To do
Given the records underneath, please repeat exactly the lines from the line with "We hope you" through the line with "Sita's Footprint —", passing over any picture.

Record set
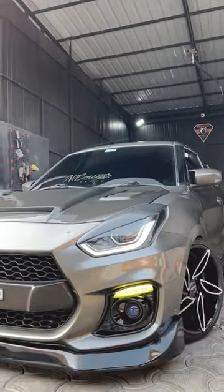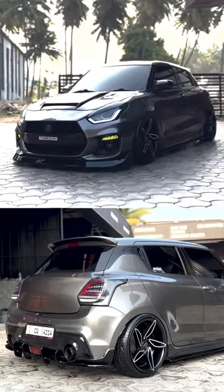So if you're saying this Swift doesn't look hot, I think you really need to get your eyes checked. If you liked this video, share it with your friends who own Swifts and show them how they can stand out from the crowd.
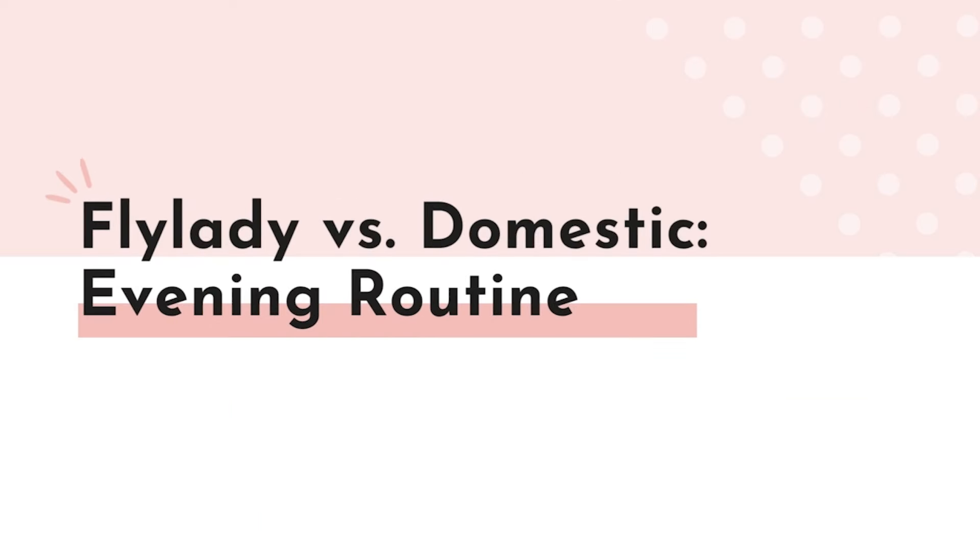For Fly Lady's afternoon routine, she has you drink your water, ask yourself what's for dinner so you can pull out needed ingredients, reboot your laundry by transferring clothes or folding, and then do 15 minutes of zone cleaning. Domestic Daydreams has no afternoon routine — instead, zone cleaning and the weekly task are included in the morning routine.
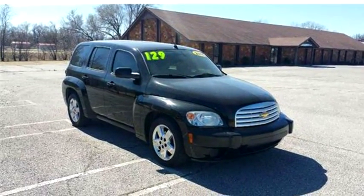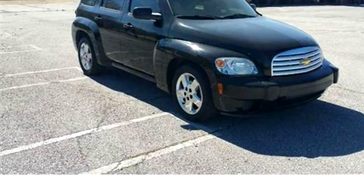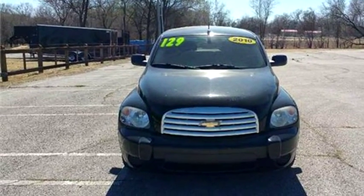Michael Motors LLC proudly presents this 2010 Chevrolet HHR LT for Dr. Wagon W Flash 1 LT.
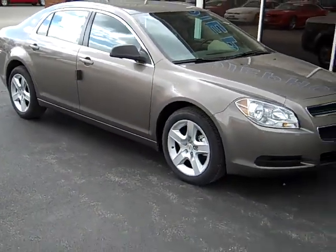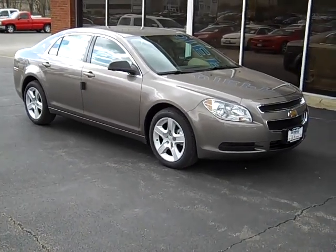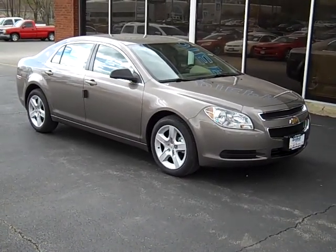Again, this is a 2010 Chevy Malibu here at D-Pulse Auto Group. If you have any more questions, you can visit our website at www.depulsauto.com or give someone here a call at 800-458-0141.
--
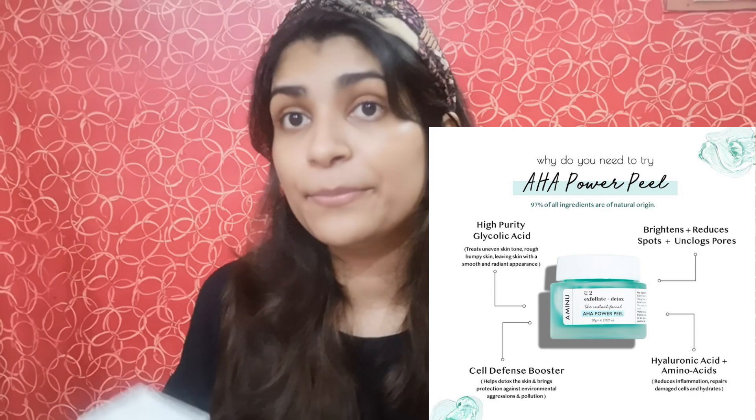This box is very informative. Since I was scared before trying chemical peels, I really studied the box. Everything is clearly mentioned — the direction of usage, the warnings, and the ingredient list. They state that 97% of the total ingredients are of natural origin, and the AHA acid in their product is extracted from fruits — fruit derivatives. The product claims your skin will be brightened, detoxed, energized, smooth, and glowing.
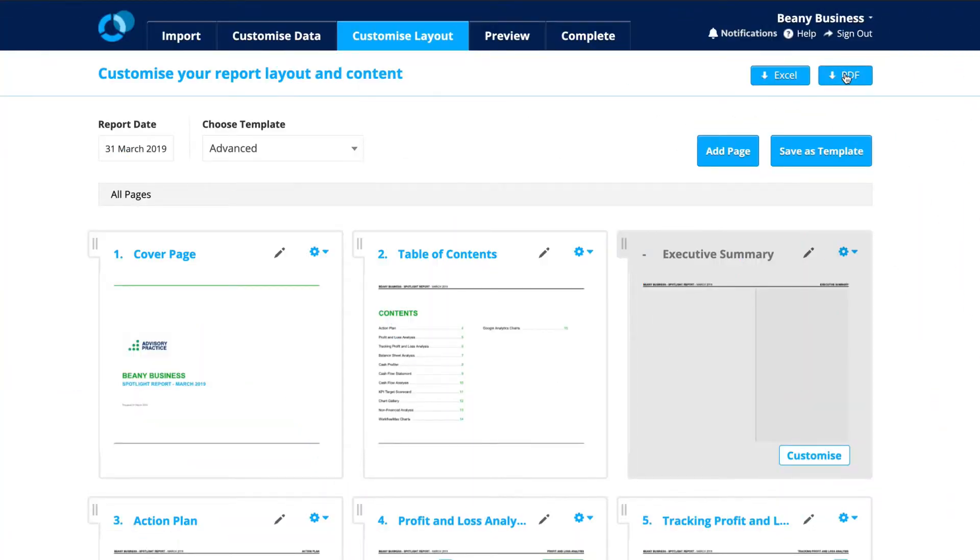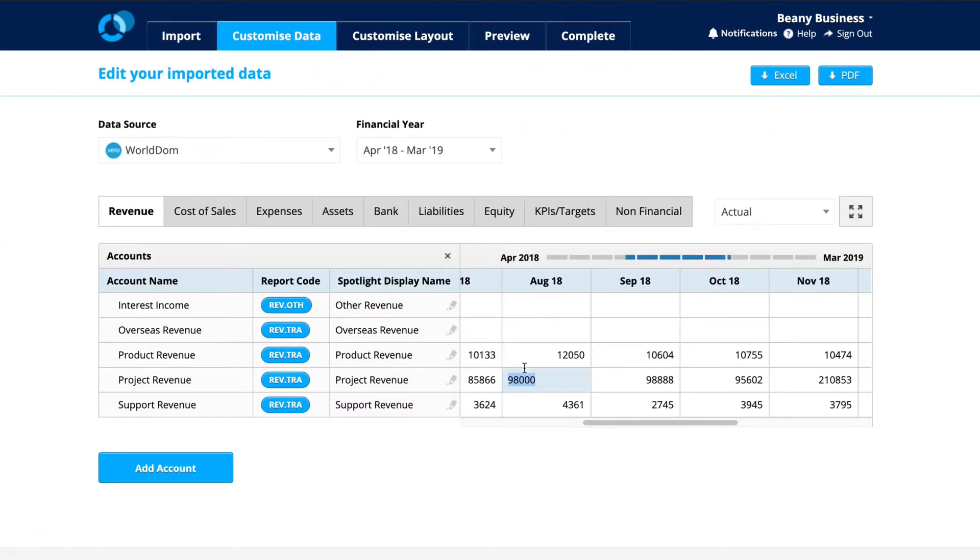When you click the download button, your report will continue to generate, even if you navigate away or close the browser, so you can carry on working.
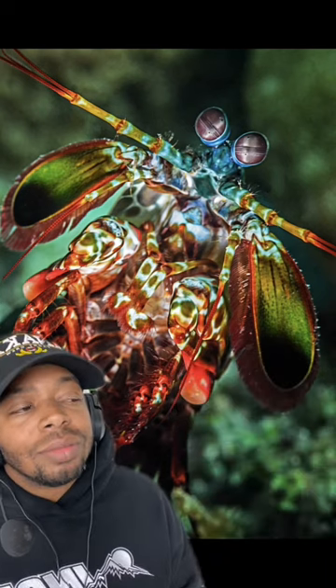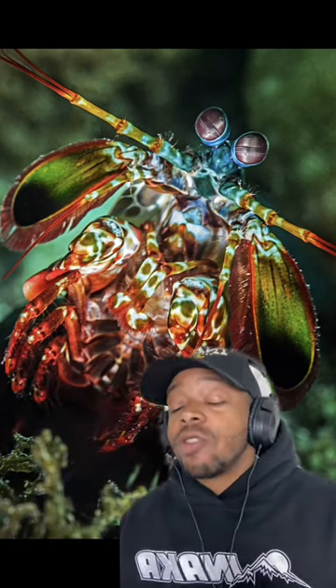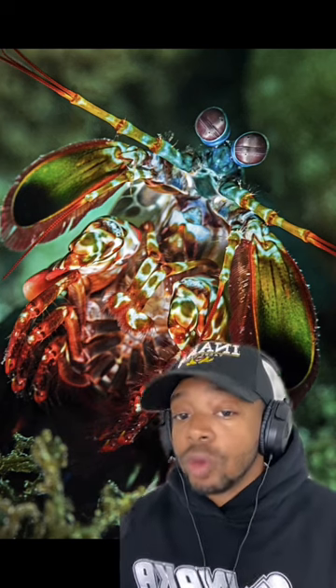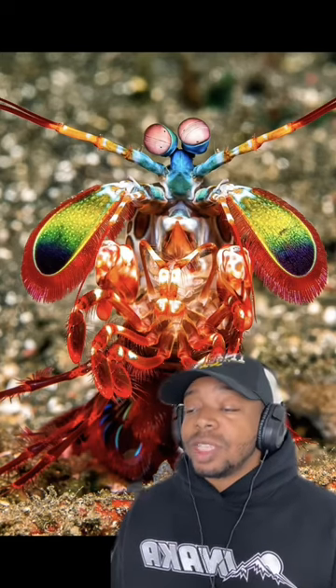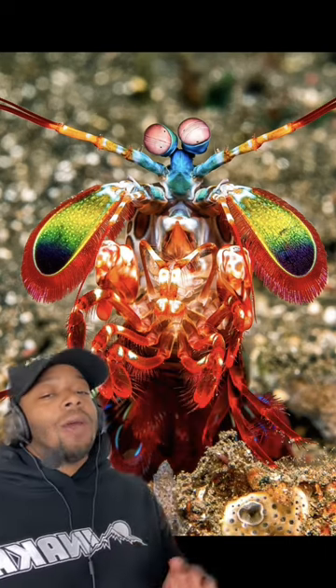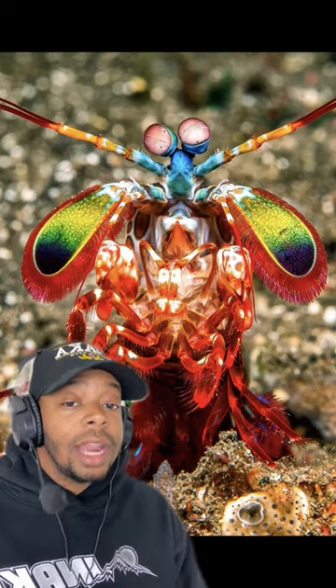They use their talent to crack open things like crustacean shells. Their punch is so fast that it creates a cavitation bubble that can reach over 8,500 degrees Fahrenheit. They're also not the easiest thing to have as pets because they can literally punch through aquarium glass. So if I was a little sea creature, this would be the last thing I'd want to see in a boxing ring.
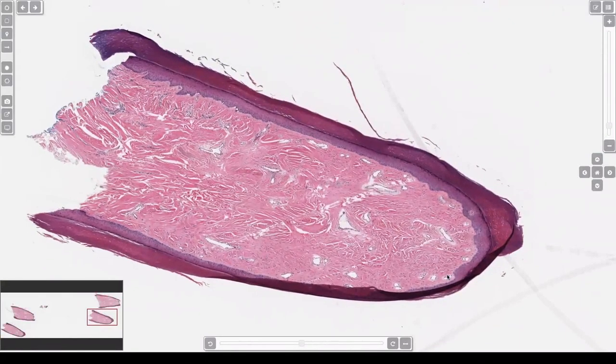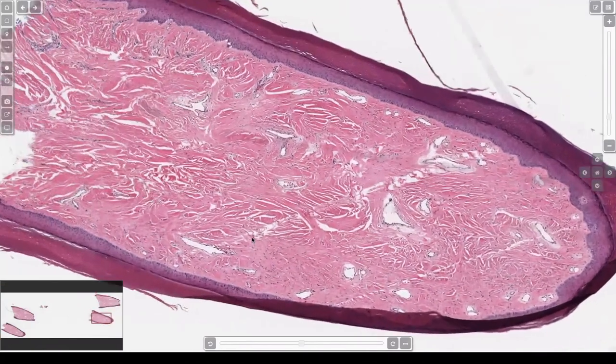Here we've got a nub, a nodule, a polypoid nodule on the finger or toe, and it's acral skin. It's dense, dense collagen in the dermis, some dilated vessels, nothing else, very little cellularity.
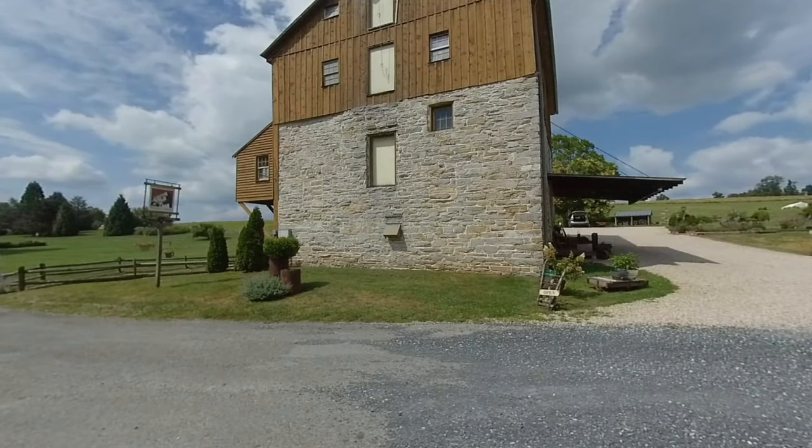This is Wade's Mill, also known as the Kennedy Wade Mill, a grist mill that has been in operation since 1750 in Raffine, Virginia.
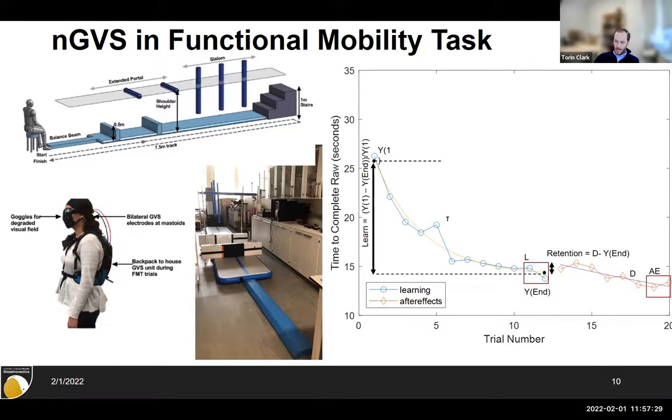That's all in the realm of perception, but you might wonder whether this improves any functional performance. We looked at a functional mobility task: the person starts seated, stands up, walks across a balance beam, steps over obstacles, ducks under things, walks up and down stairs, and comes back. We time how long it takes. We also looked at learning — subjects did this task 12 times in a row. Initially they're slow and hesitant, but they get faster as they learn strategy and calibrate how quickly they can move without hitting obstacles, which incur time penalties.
* * *
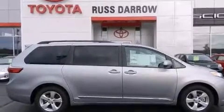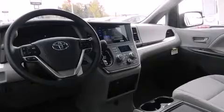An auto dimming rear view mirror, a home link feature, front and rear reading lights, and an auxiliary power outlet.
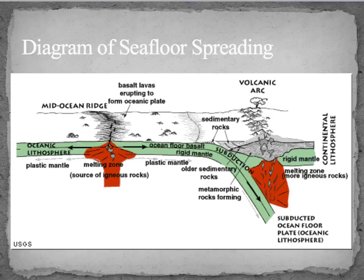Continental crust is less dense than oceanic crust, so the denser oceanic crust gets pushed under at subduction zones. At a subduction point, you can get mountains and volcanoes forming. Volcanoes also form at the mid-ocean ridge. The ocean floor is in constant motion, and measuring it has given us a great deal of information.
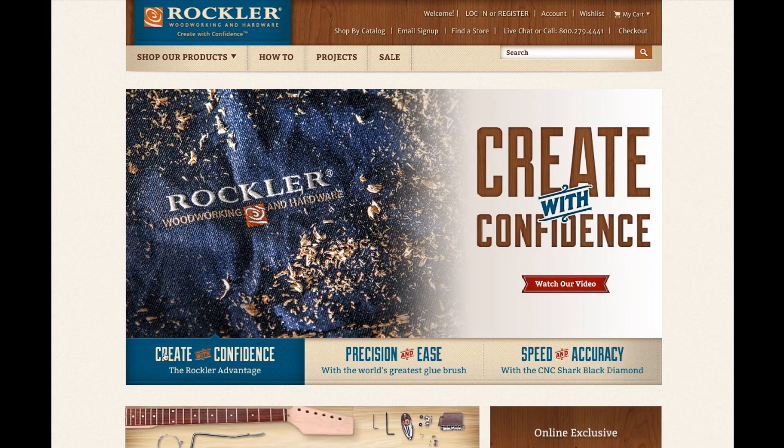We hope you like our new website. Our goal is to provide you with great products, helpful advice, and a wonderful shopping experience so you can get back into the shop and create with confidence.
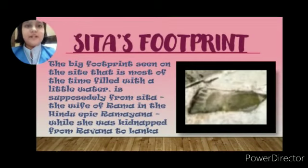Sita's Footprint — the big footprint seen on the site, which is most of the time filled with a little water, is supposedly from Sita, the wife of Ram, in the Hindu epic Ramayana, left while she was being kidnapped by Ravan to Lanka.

Exercise response
We hope you like our new website. Our goal is to provide you with great products, helpful advice, and a wonderful shopping experience so you can get back into the shop and create with confidence.
Sita's Footprint — the big footprint seen on the site, which is most of the time filled with a little water, is supposedly from Sita, the wife of Ram, in the Hindu epic Ramayana, left while she was being kidnapped by Ravan to Lanka.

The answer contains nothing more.